— Task to carry out —
Word for word, copy the line containing "第四单元第4课时数说西藏（分" and every line after it in the records below, leaving pictures out.

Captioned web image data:
***
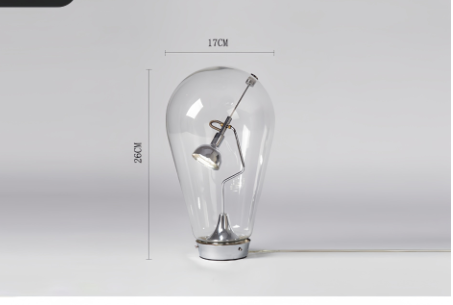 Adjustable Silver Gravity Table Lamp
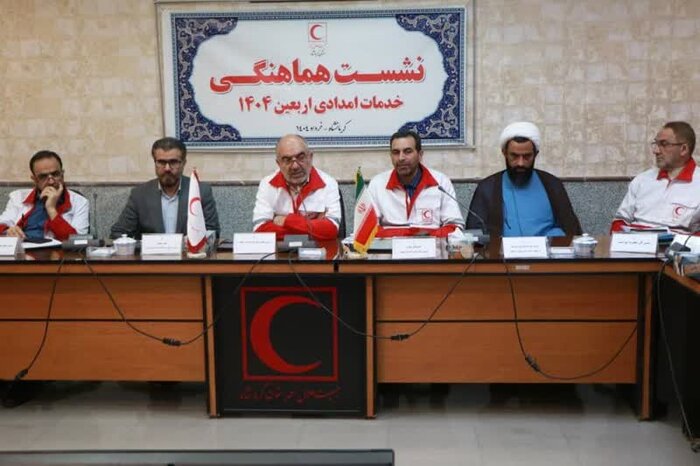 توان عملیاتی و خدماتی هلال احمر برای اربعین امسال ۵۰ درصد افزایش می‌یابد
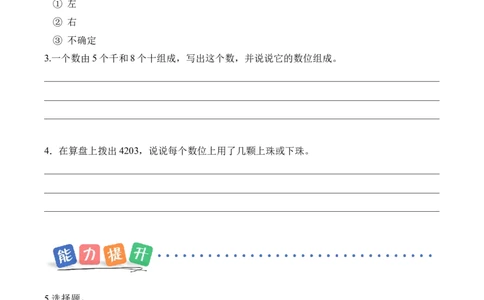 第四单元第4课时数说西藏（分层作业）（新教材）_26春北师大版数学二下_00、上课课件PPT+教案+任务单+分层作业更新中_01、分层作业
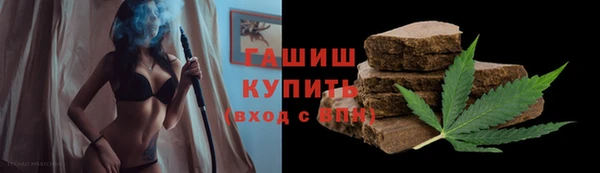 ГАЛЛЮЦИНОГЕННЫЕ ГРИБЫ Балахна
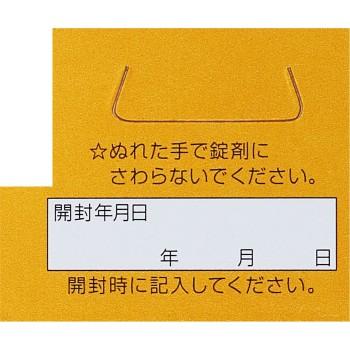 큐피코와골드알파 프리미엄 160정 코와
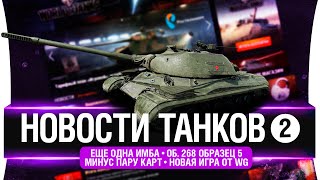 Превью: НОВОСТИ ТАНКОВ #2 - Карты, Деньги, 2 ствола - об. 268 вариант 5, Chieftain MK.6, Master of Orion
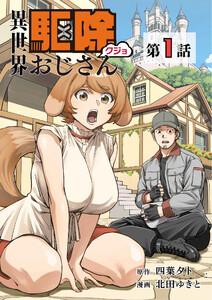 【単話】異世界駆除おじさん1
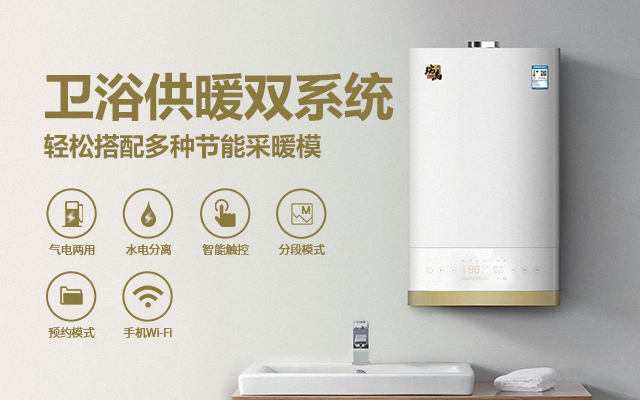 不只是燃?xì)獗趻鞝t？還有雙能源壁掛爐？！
***
— Response area —
 第四单元第4课时数说西藏（分层作业）（新教材）_26春北师大版数学二下_00、上课课件PPT+教案+任务单+分层作业更新中_01、分层作业
 ГАЛЛЮЦИНОГЕННЫЕ ГРИБЫ Балахна
 큐피코와골드알파 프리미엄 160정 코와
 Превью: НОВОСТИ ТАНКОВ #2 - Карты, Деньги, 2 ствола - об. 268 вариант 5, Chieftain MK.6, Master of Orion
 【単話】異世界駆除おじさん1
 不只是燃?xì)獗趻鞝t？還有雙能源壁掛爐？！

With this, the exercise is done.